§ Material supplied:
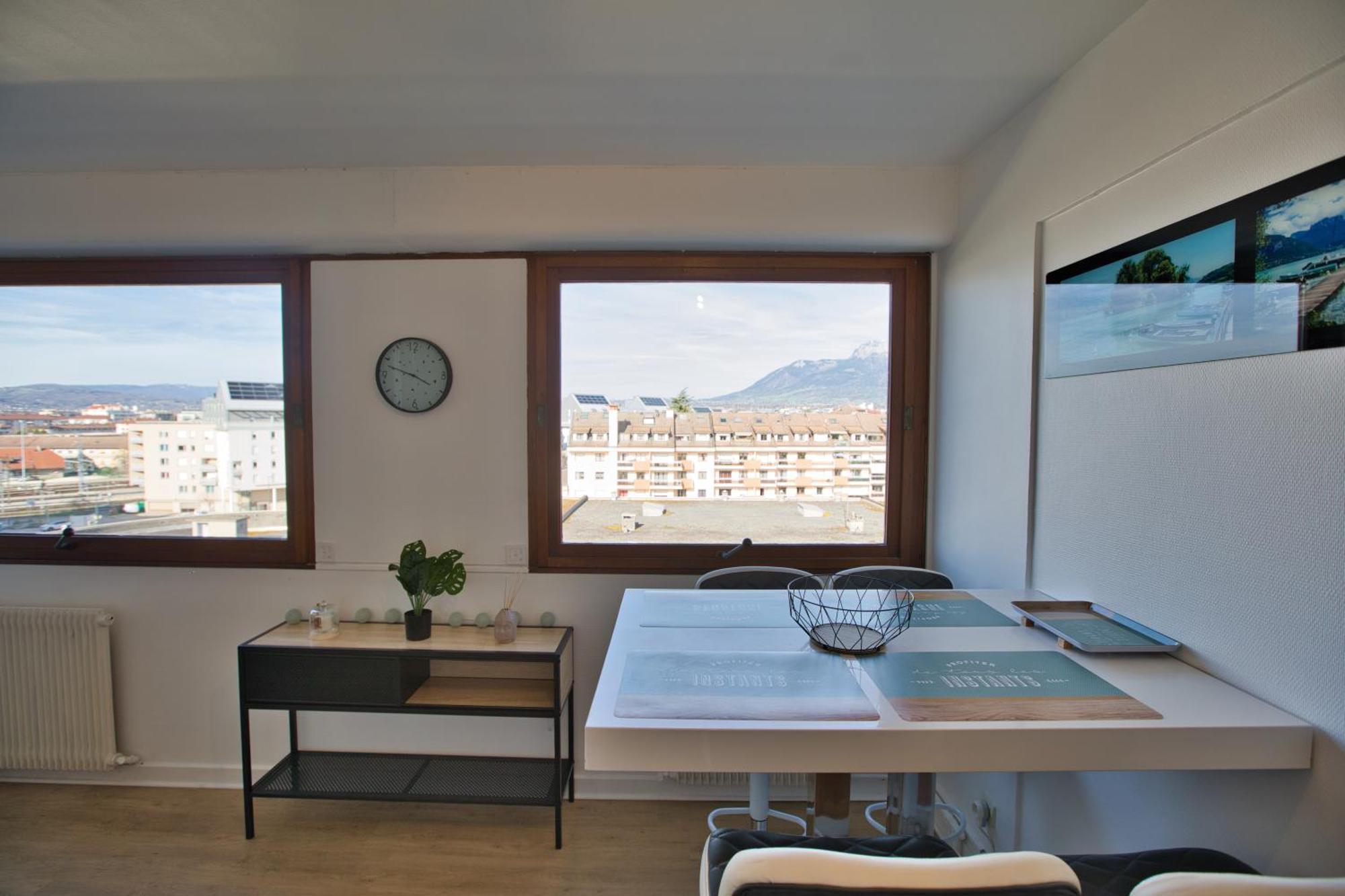 Apartament Le Sommet Citadin Avec Vue Annecy Zewnętrze zdjęcie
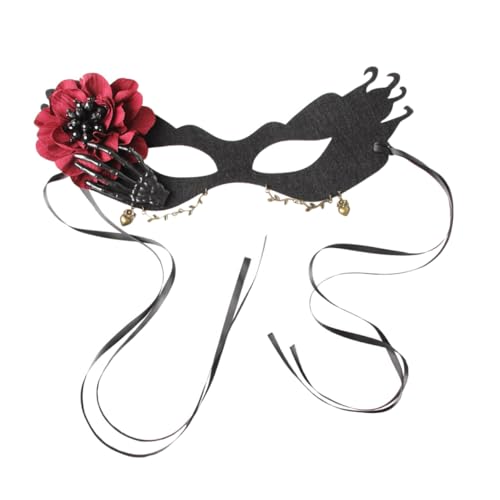 minkissy Halloween Masquerade Halbgesichtsmaske Damen Leichte Filzstoff Maske Gruseliges Skelett Design für Kostümparty Cosplay und Maskenball Langlebiges und Sicheres Halloween Zubehör minkissy Halloween Masquerade Halbgesichtsmaske Damen Leichte Filzstoff Maske Gruseliges Skelett Design für Kostümparty Cosplay und Maskenball Langlebiges und Sicheres Halloween Zubehör von minkissy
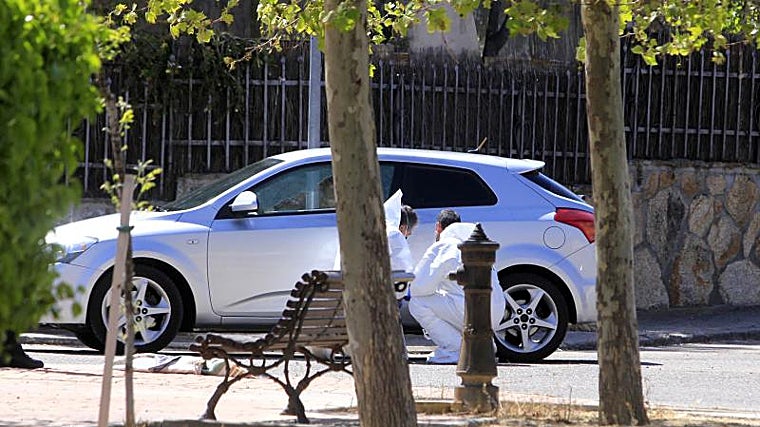 El turismo que Mercedes conducía cuando fue asesinada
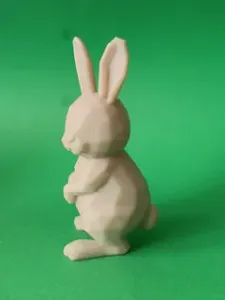 Modern Low-Poly Easter Bunny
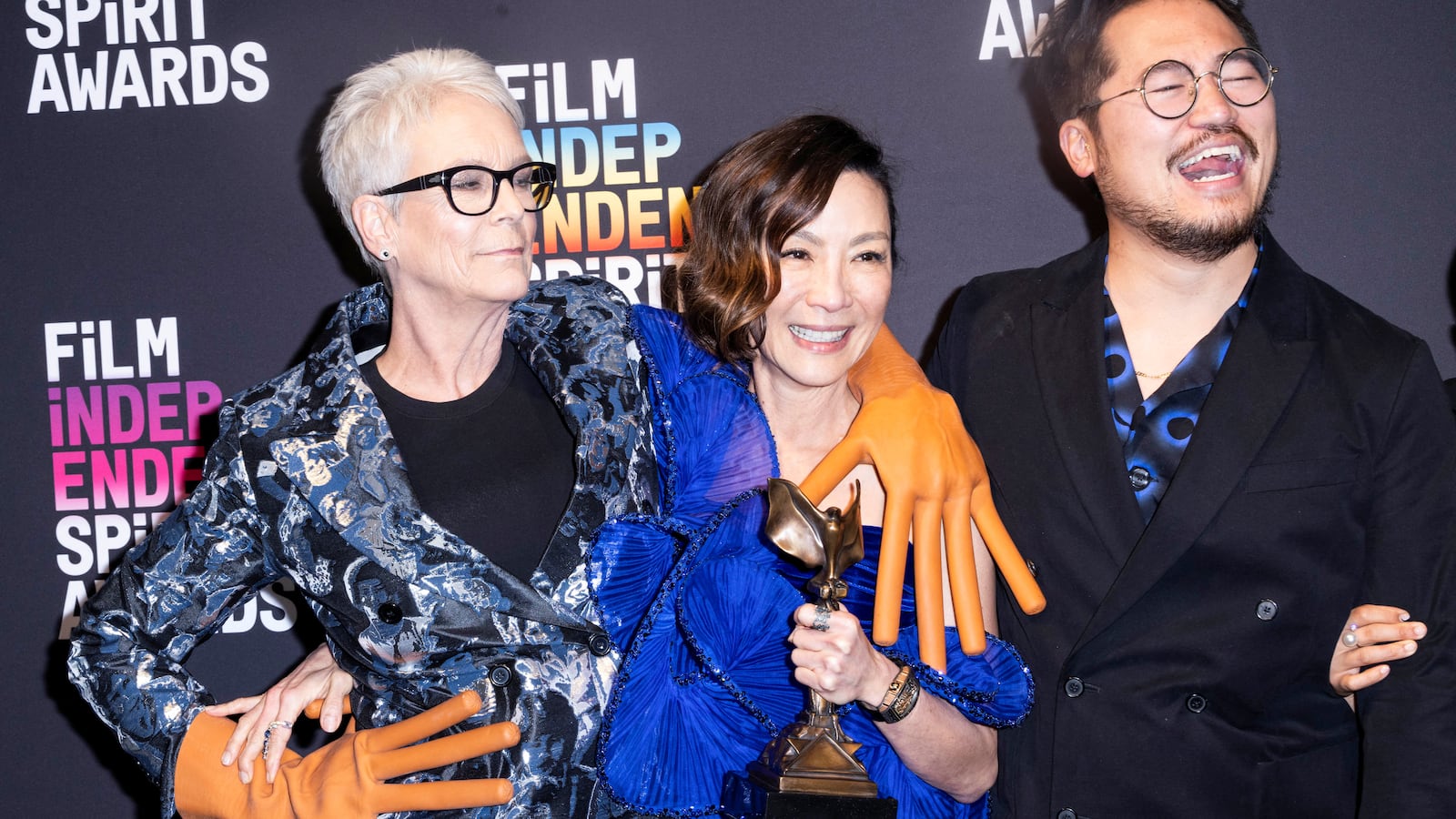 Jamie Lee Curtis, Michelle Yeoh, Dan Kwan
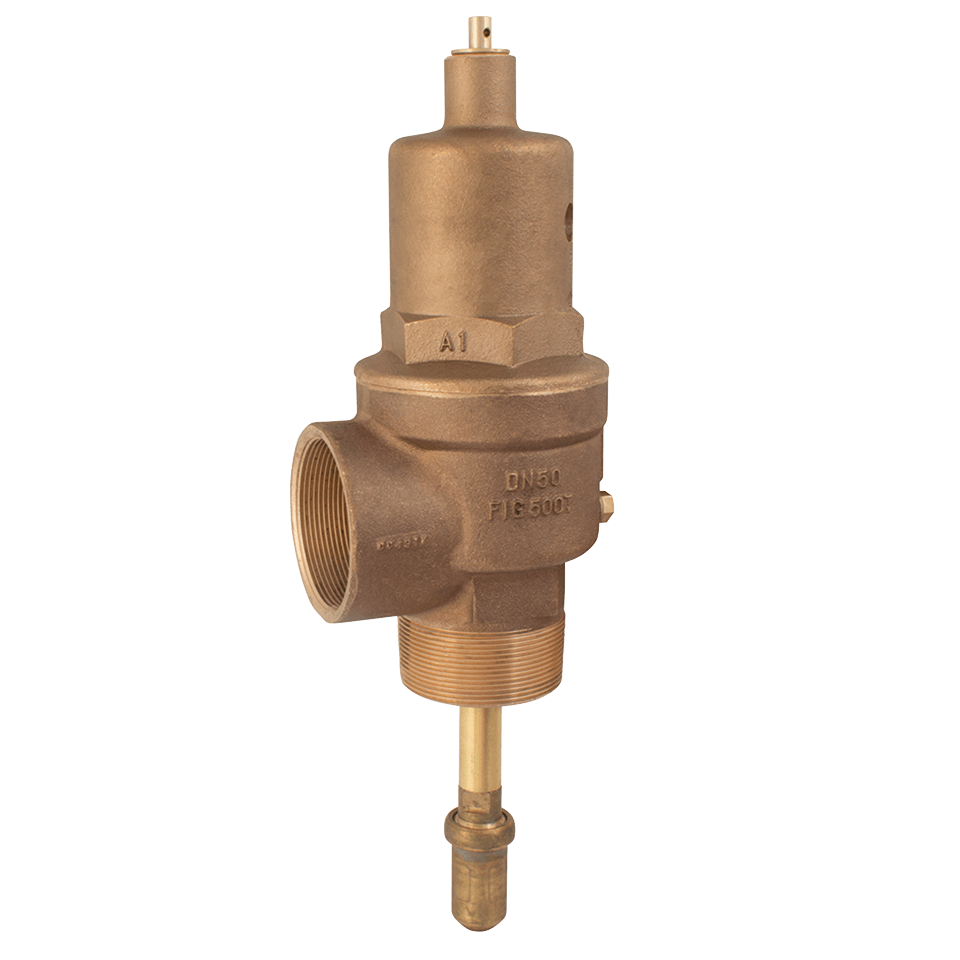 Combined Pressure & Temperature Relief Valves (Fig 500) Pirtek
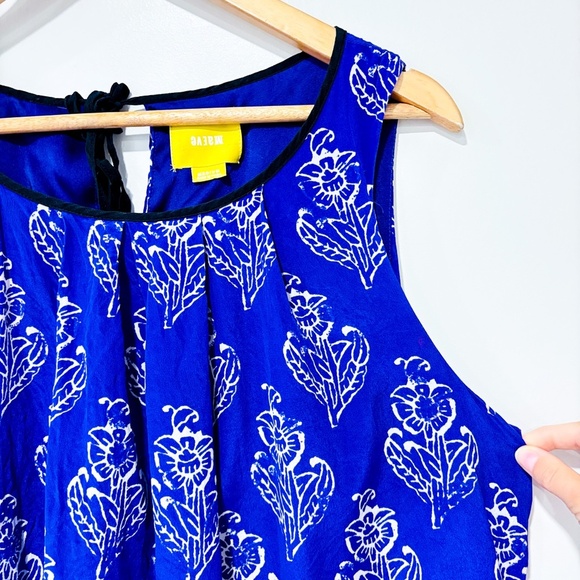 MAEVE Silk floral purple dress - Picture 5 of 9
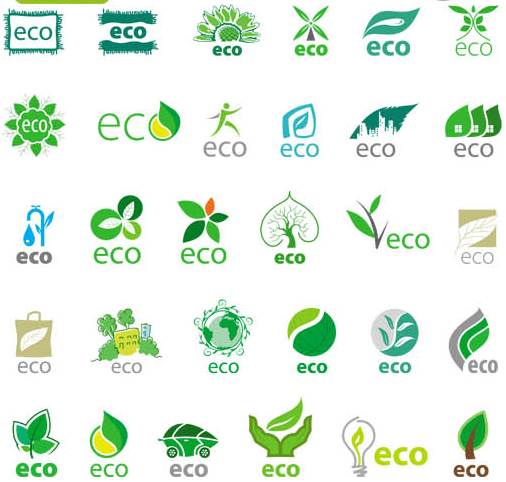 Ecology Symbols 2 set vector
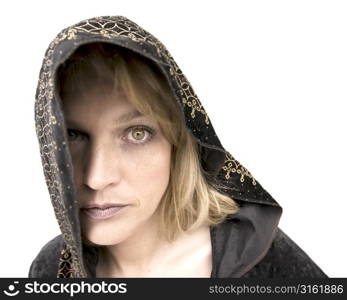 Hooded woman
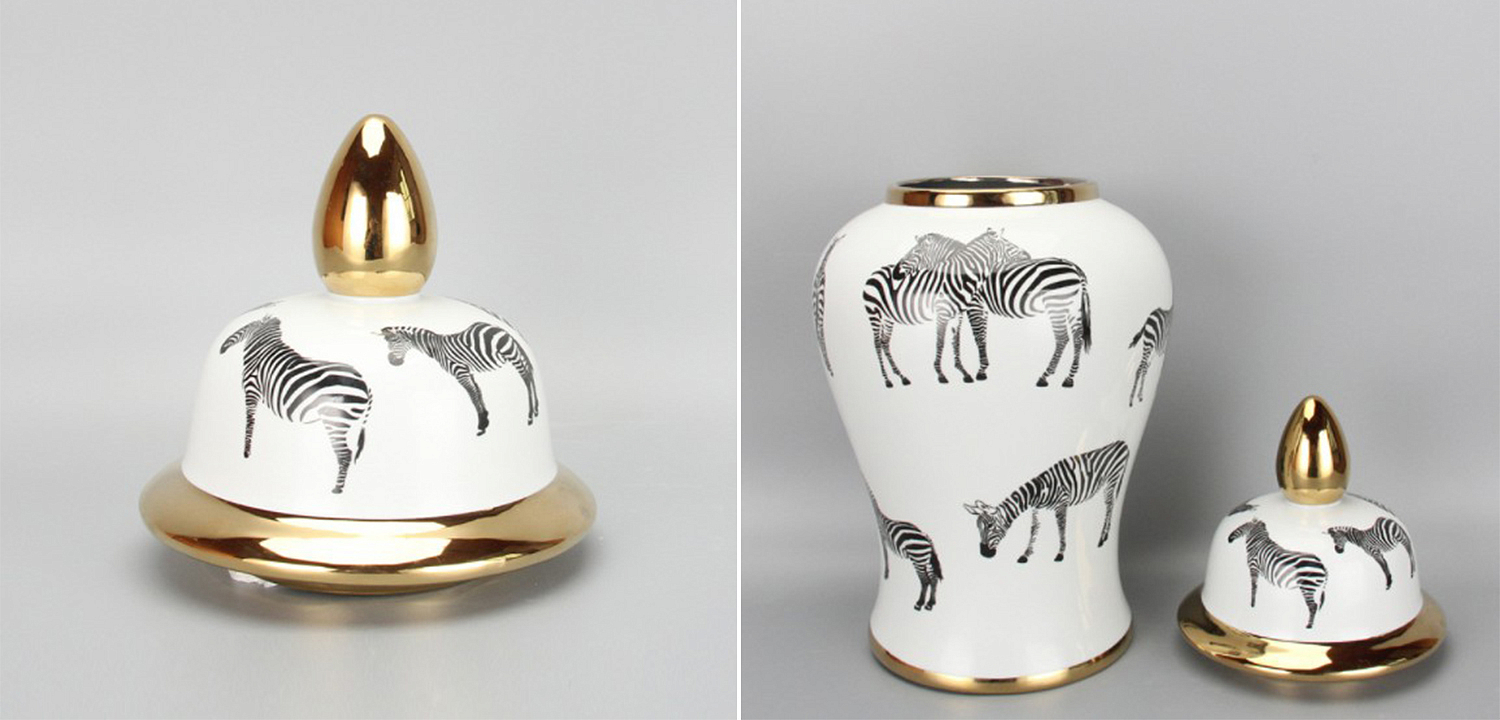 Ваза White Vase Zebra Ваза White Vase Zebra - Loft-Concept в Омске
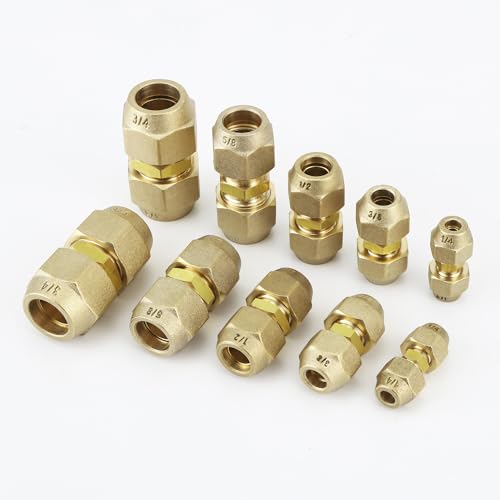 Timsec 2Packs AC Copper Pipe Extension Joint Connectors, 5/8-Inch Air Conditioning Pipe Coupling Adapters with Flare Nuts and Connectors, Free Welding, For Butt Copper Tube Diameter 5/8" (15.58mm) - Image 4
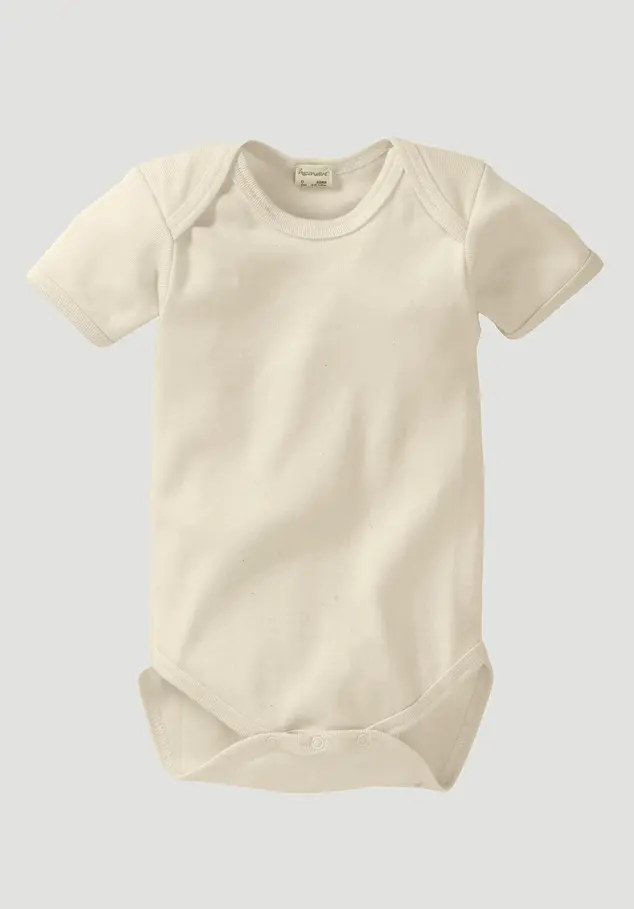 Short-sleeved bodysuit made from pure organic cotton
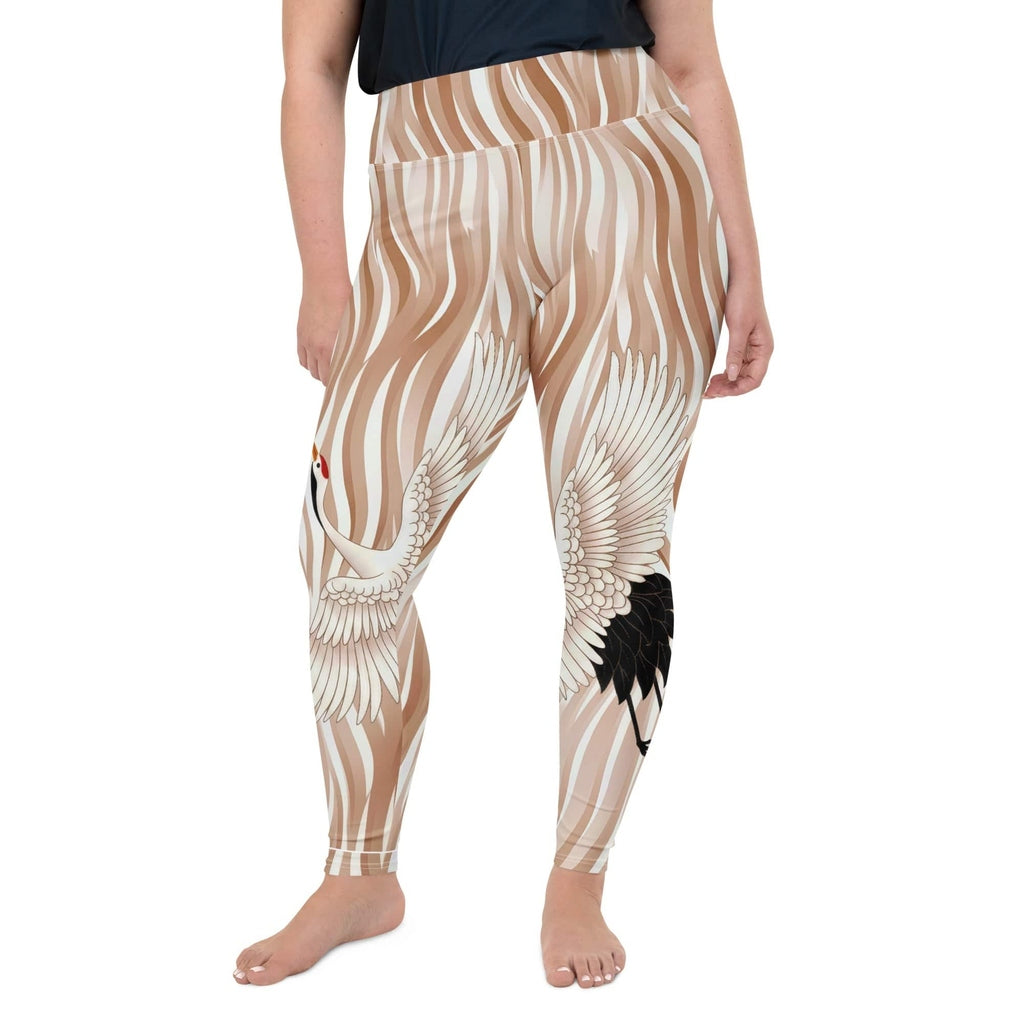 Ethereal Wings Plus Size Leggings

§ What to work on: Setting the pictures aside, return exactly the lines from the line with "Jamie Lee Curtis, Michelle Yeoh, Dan Kwan" through the last line of the listing above.

§ Your solution:
 Jamie Lee Curtis, Michelle Yeoh, Dan Kwan
 Combined Pressure & Temperature Relief Valves (Fig 500) Pirtek
 MAEVE Silk floral purple dress - Picture 5 of 9
 Ecology Symbols 2 set vector
 Hooded woman
 Ваза White Vase Zebra Ваза White Vase Zebra - Loft-Concept в Омске
 Timsec 2Packs AC Copper Pipe Extension Joint Connectors, 5/8-Inch Air Conditioning Pipe Coupling Adapters with Flare Nuts and Connectors, Free Welding, For Butt Copper Tube Diameter 5/8" (15.58mm) - Image 4
 Short-sleeved bodysuit made from pure organic cotton
 Ethereal Wings Plus Size Leggings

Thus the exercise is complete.